• [ASSIGNED TASK]: Only the pictures are to be left out; the listing itself is repeated exactly.

• [SUPPLIED DATA]:
• • • • •

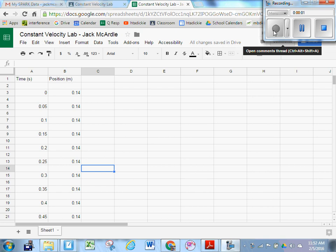Once we've imported our data to Google Sheets and deleted all those extra columns that we don't really need, it's time to plot a graph so that we can get the velocity of that toy car.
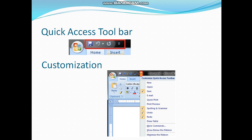And you will click on that arrow and a sub-menu having new, open, save, email, quick print, print preview and many other options will appear. And you will check the options which you want to have in Quick Access Toolbar.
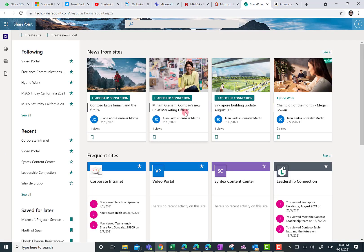Over here, as you know, you're going to see news coming from your sites, your frequent sites and so on. But that's not the important thing today.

• • • • •

• [ANSWER TO THE EXERCISE]:
Once we've imported our data to Google Sheets and deleted all those extra columns that we don't really need, it's time to plot a graph so that we can get the velocity of that toy car.
And you will click on that arrow and a sub-menu having new, open, save, email, quick print, print preview and many other options will appear. And you will check the options which you want to have in Quick Access Toolbar.
Over here, as you know, you're going to see news coming from your sites, your frequent sites and so on. But that's not the important thing today.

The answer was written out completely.